City of Rock
- Interactive map of City of Rock
- Address: Barra da Tijuca, Rio de Janeiro Brazil
- Coordinates: 22°58′44″S 43°24′00″W﻿ / ﻿22.979°S 43.4°W

= City of Rock =

Events venue in Rio de Janeiro, Brazil

The City of Rock (Cidade do Rock), located in Barra da Tijuca, Rio de Janeiro, is an events venue best known for hosting the music festival Rock in Rio.

==Old City of Rock==
The City of Rock was created for the Rock in Rio festival in 1985. In 2001, the event returned there for its third edition. It held crowds of up to 250,000 people in one night.

With the name "Complexo Esportivo Cidade do Rock" (City of Rock Sports Complex), the area became one of the venues of the 2007 Pan American Games. Temporary stadiums for baseball and softball, with a capacity of 3,000 and 2,000 respectively, were erected on the site. The venue suffered with rain and power shortages, and both tournaments had games cancelled for bad field conditions.

The Olympic Village for the 2016 Summer Olympics was built upon the original site of the City of Rock.

==New City of Rock==
New City of Rock was constructed to the southeast of the nearby Riocentro exhibition center, in a partnership between the city of Rio de Janeiro and Rock in Rio creator Roberto Medina. Known as "Parque Olímpico Cidade do Rock" (City of Rock Olympic Park) or Parque dos Atletas (Athletes' Park), the venue started being built in 2010 and was completed one year later, to host the fourth edition of Rock in Rio. Further editions followed in 2013 and 2015.

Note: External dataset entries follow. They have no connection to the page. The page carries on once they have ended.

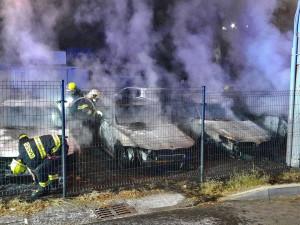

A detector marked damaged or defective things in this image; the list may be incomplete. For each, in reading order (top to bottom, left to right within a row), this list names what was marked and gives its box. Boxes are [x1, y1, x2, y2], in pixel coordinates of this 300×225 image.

charred vehicle [95, 87, 196, 169]
charred vehicle [173, 97, 270, 159]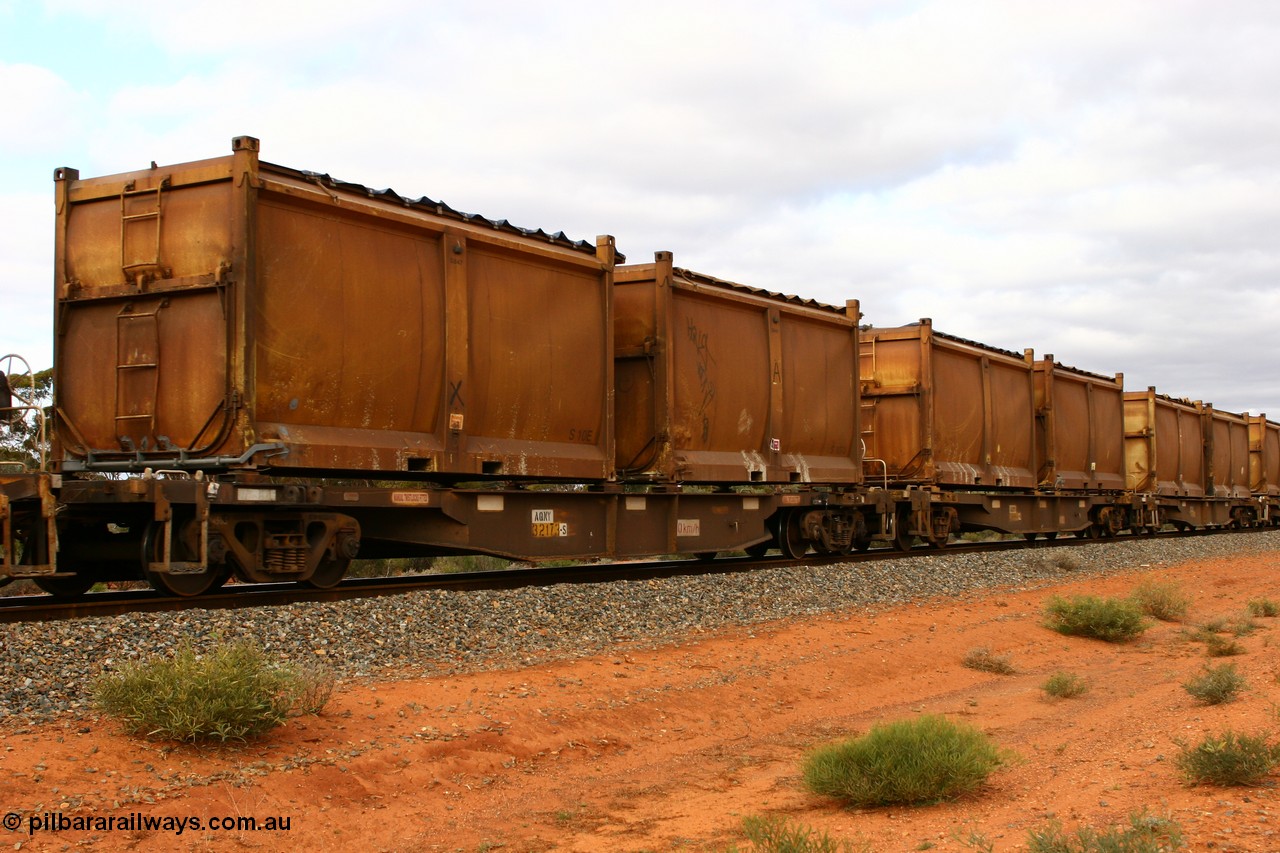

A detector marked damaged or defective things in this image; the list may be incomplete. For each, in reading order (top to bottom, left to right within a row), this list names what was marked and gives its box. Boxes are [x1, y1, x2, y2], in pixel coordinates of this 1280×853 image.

rusty container door [53, 147, 241, 466]
rusty container door [57, 135, 616, 473]
rusty steel container [52, 136, 622, 473]
rusty container stack [56, 136, 619, 473]
rusty steel container [611, 249, 860, 481]
rusty container door [611, 249, 860, 481]
rusty container stack [611, 249, 860, 481]
rusty container door [860, 322, 1029, 489]
rusty container stack [860, 317, 1039, 484]
rusty steel container [860, 320, 1039, 484]
rusty container stack [1024, 353, 1126, 489]
rusty steel container [1024, 356, 1126, 491]
rusty container door [1034, 356, 1126, 491]
rusty steel container [1126, 389, 1203, 494]
rusty container door [1126, 389, 1203, 494]
rusty container stack [1126, 389, 1203, 494]
rusty container door [1208, 407, 1249, 499]
rusty steel container [1208, 407, 1249, 499]
rusty container door [1249, 414, 1280, 494]
rusty steel container [1249, 414, 1280, 494]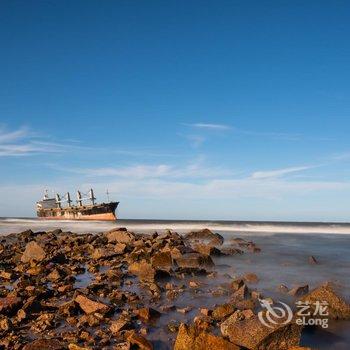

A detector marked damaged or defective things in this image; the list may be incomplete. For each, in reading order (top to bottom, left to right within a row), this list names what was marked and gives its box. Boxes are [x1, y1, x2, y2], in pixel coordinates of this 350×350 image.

On 2012, two international concerts were hosted there. Lady Gaga performed at the park during her Born This Way Ball tour on November 9 with an attendance of 26,167, and Madonna had a gig from the MDNA Tour on December 2 with an attendance of 34,709. The Red Hot Chili Peppers performed there in November 2013 on their 2013 Tour, and One Direction had a 2014 concert for the Where We Are Tour.

The park also hosted facilities for the 2016 Olympics.

Since 2017, all editions of Rock in Rio were held at the Barra Olympic Park, designated City of Rock during the festival.